> [REQUIRED WORK]:
Line by line, the data below should be set down unchanged, with images excluded.

> [RECORDS TO PROCESS]:
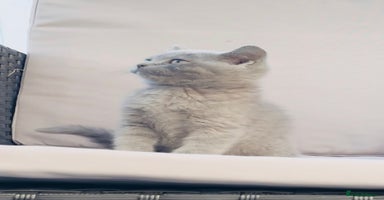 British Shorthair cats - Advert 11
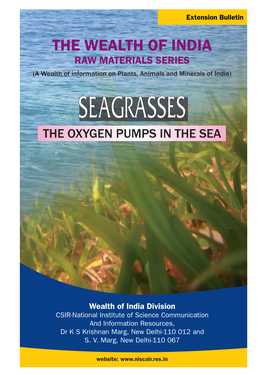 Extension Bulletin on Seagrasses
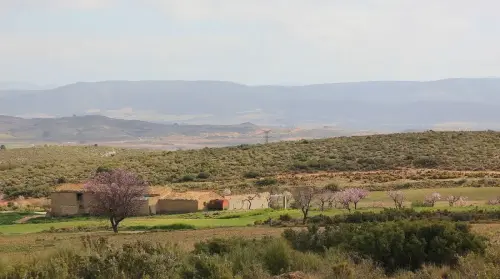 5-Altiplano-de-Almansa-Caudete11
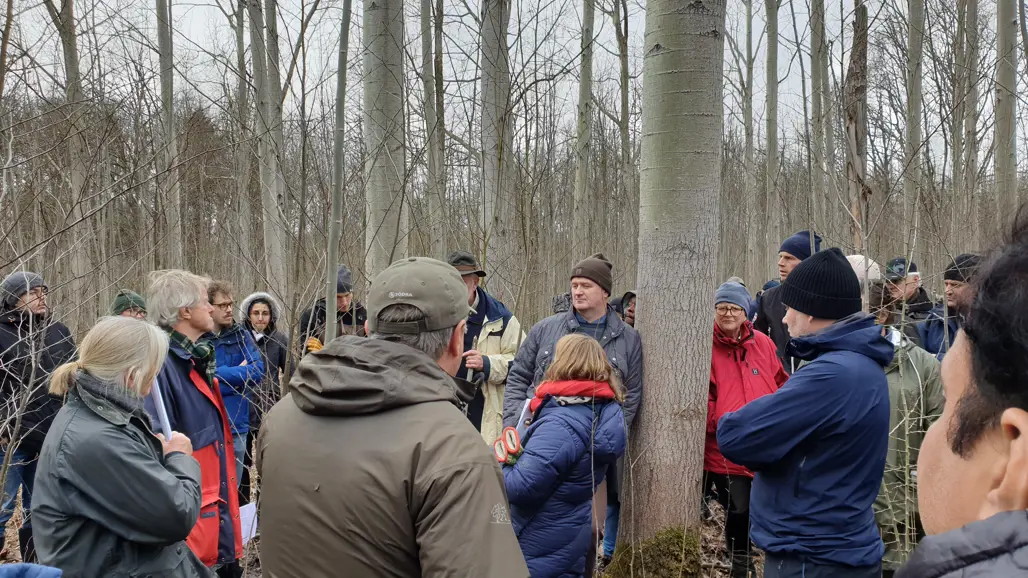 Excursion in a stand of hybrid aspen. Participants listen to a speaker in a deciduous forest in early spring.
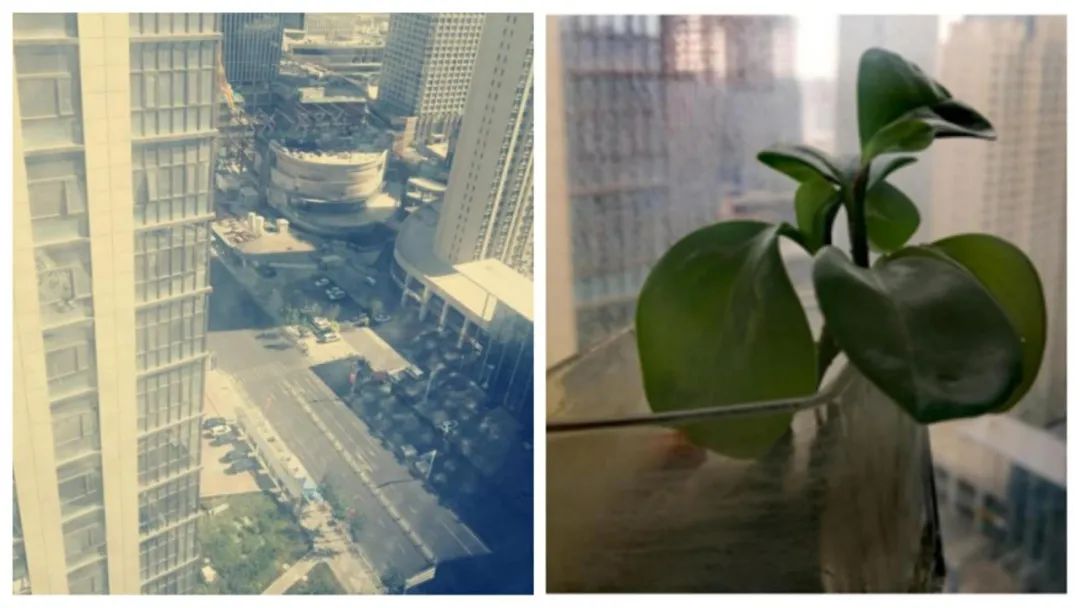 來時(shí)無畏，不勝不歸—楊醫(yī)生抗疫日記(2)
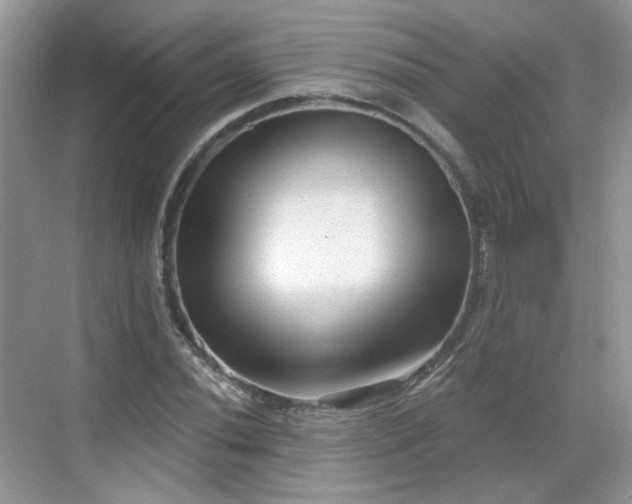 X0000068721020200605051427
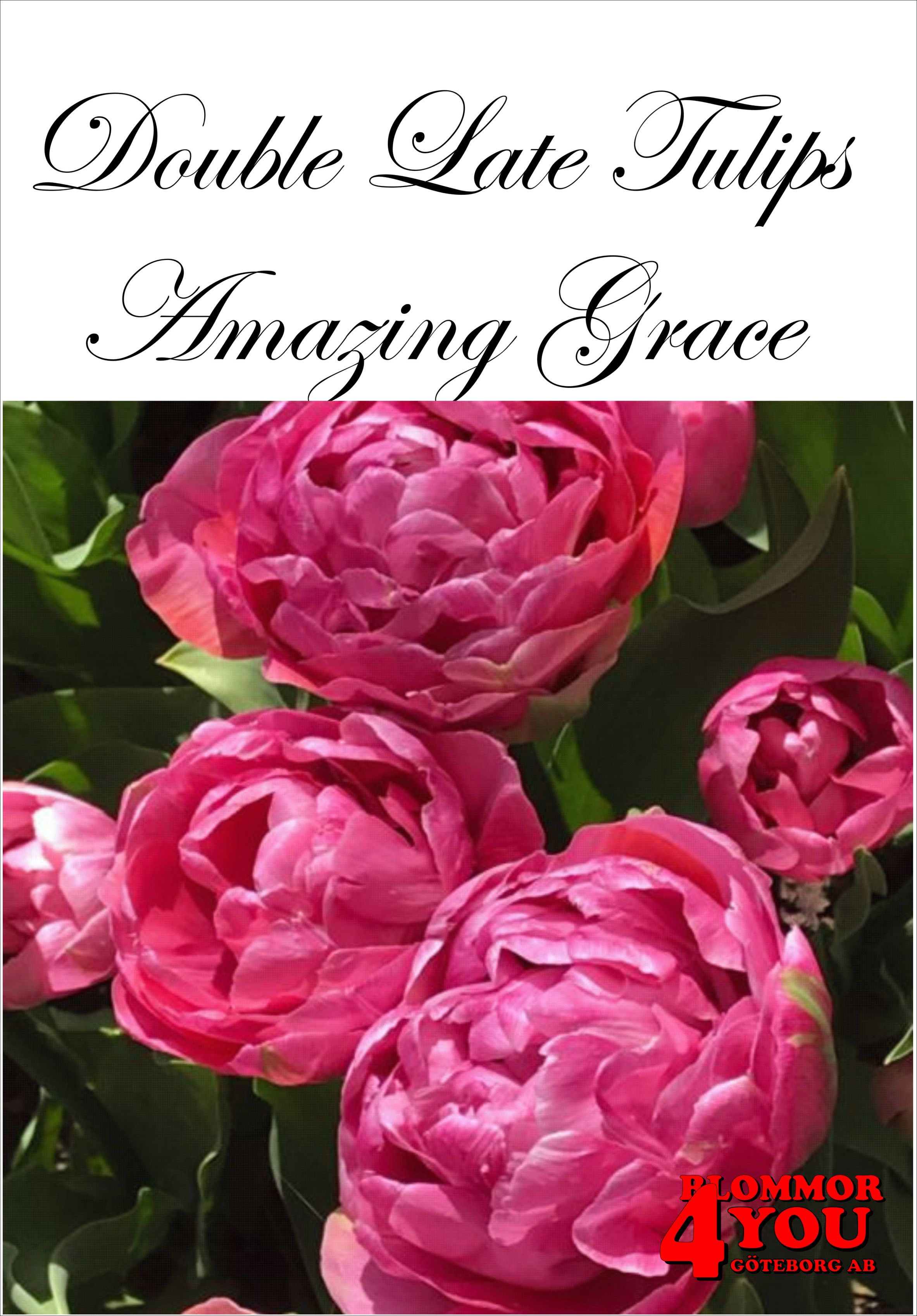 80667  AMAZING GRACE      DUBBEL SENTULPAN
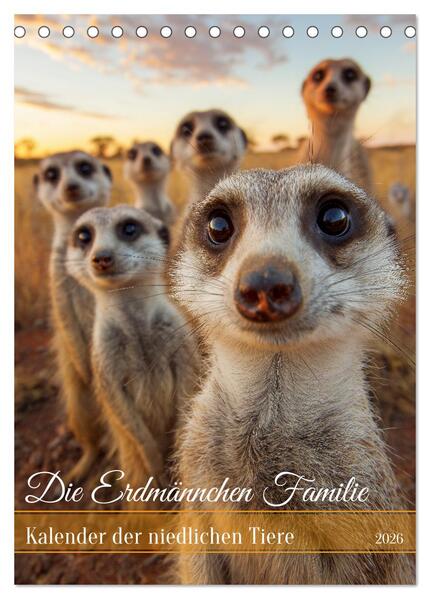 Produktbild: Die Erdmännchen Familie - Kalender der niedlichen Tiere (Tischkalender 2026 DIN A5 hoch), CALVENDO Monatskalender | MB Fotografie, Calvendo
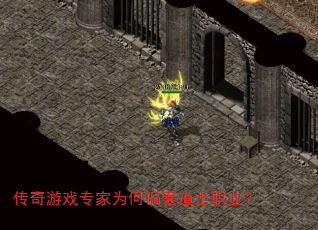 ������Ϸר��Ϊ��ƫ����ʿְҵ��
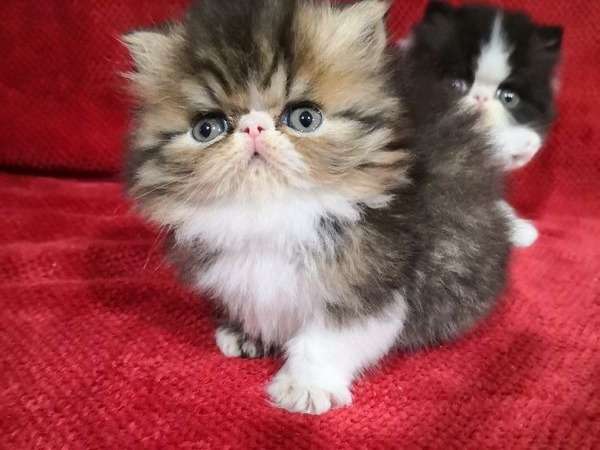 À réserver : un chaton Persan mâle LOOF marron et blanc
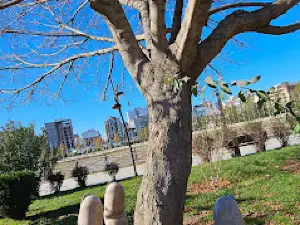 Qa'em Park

> [EXPECTED OUTPUT]:
 British Shorthair cats - Advert 11
 Extension Bulletin on Seagrasses
 5-Altiplano-de-Almansa-Caudete11
 Excursion in a stand of hybrid aspen. Participants listen to a speaker in a deciduous forest in early spring.
 來時(shí)無畏，不勝不歸—楊醫(yī)生抗疫日記(2)
 X0000068721020200605051427
 80667  AMAZING GRACE      DUBBEL SENTULPAN
 Produktbild: Die Erdmännchen Familie - Kalender der niedlichen Tiere (Tischkalender 2026 DIN A5 hoch), CALVENDO Monatskalender | MB Fotografie, Calvendo
 ������Ϸר��Ϊ��ƫ����ʿְҵ��
 À réserver : un chaton Persan mâle LOOF marron et blanc
 Qa'em Park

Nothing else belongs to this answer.